"""

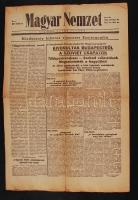 1956 Magyar Nemzet c. lap október 31-ei száma a forradalom híreivel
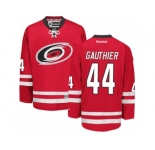 Men's Reebok Carolina Hurricanes #44 Julien Gauthier Authentic Red Home NHL Jersey
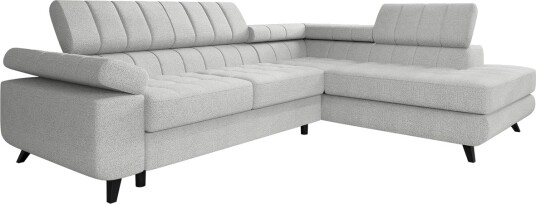 Amshyttan Sofa med Sjeselong 3 seter Lys grå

"""

▶ Your assignment
The range to set down runs from the line containing "Men's Reebok Carolina" through the final line of the data, both ends included; give it exactly and drop the pictures.

▶ Output of the task
 Men's Reebok Carolina Hurricanes #44 Julien Gauthier Authentic Red Home NHL Jersey
 Amshyttan Sofa med Sjeselong 3 seter Lys grå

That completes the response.